Are there any rules capable to predict a scenario of a liquid surface oxidation?
Is the oxidation of a liquid different of the oxidation of a solid surface?
Achievements
The surface oxidation of liquid Sn [reference]
has recently been studied by x-ray scattering (reflectivity, off-specular
diffuse scattering, grazing incidence diffraction).
The study reveals oxidation kinetics and formation of a previously unreported crystalline phase of
SnO at the liquid-vapour interface of Sn. Our experiments reveal that the pure liquid Sn surface
does not react with molecular oxygen below an activation pressure of ~5.0*10^-6 Torr.
Above that pressure a rough solid Sn oxide grows over the liquid metal surface.

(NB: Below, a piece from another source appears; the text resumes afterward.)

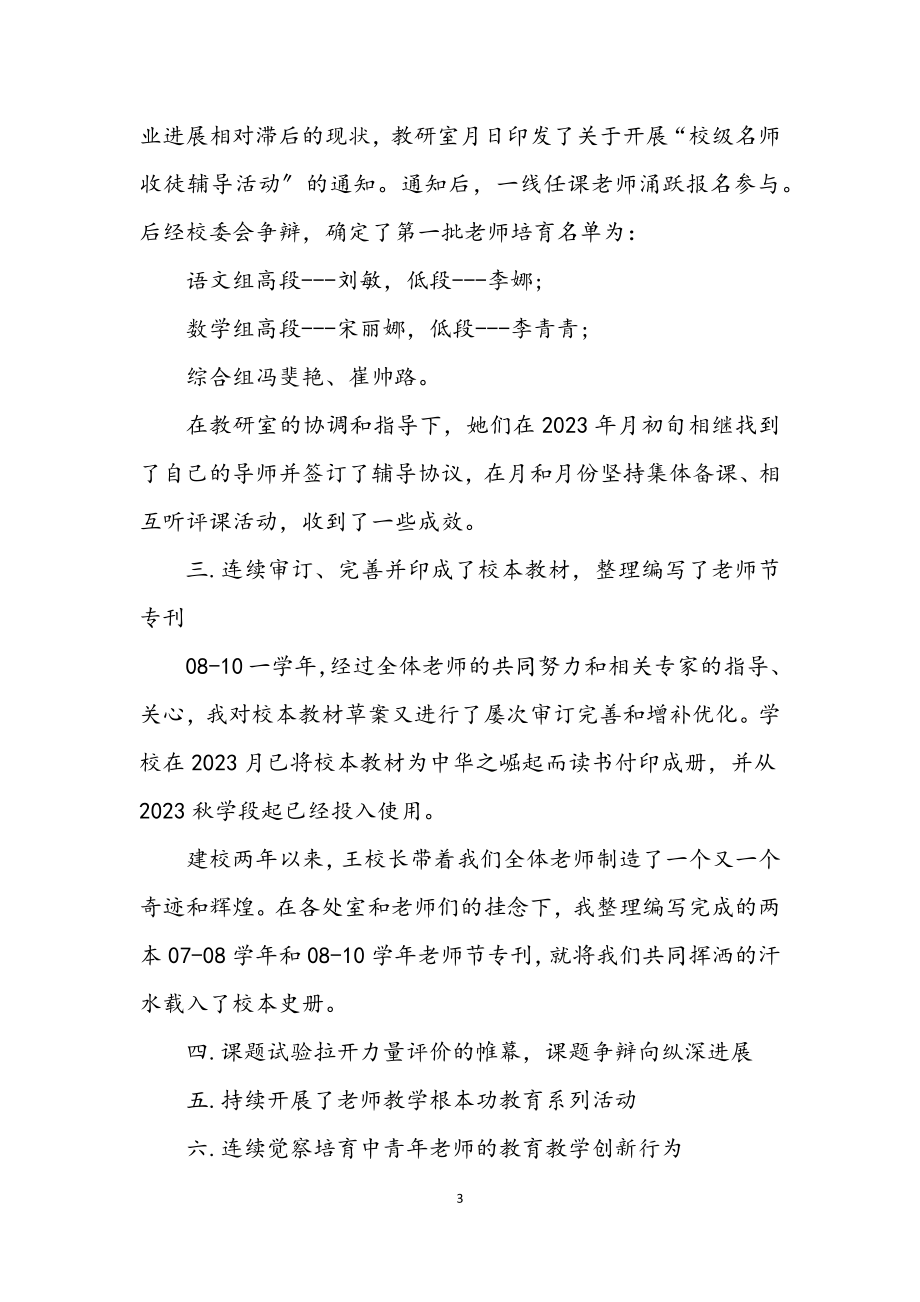 2023年学校教研主任年终工作总结.docx_第3页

Once the activation pressure has been exceeded the oxidation proceeds at pressures below
the oxidation pressure threshold.
The observed diffraction pattern associated with the surface oxidation does not match any
of the known Sn oxide phases. The data have an explicit signature of the face-centred cubic structure,
however it requires lattice parameters that are about 9% smaller than those reported for cubic structures
of high-pressure phases of Sn oxides.
The further plan is to extend the oxidation study to binary alloys starting from a very important and
interesting system AuSi. The surface oxidation of liquid AuSi eutectic alloy experiment is scheduled for August
2004, ChemMat-CARS, APS, Argonne, IL.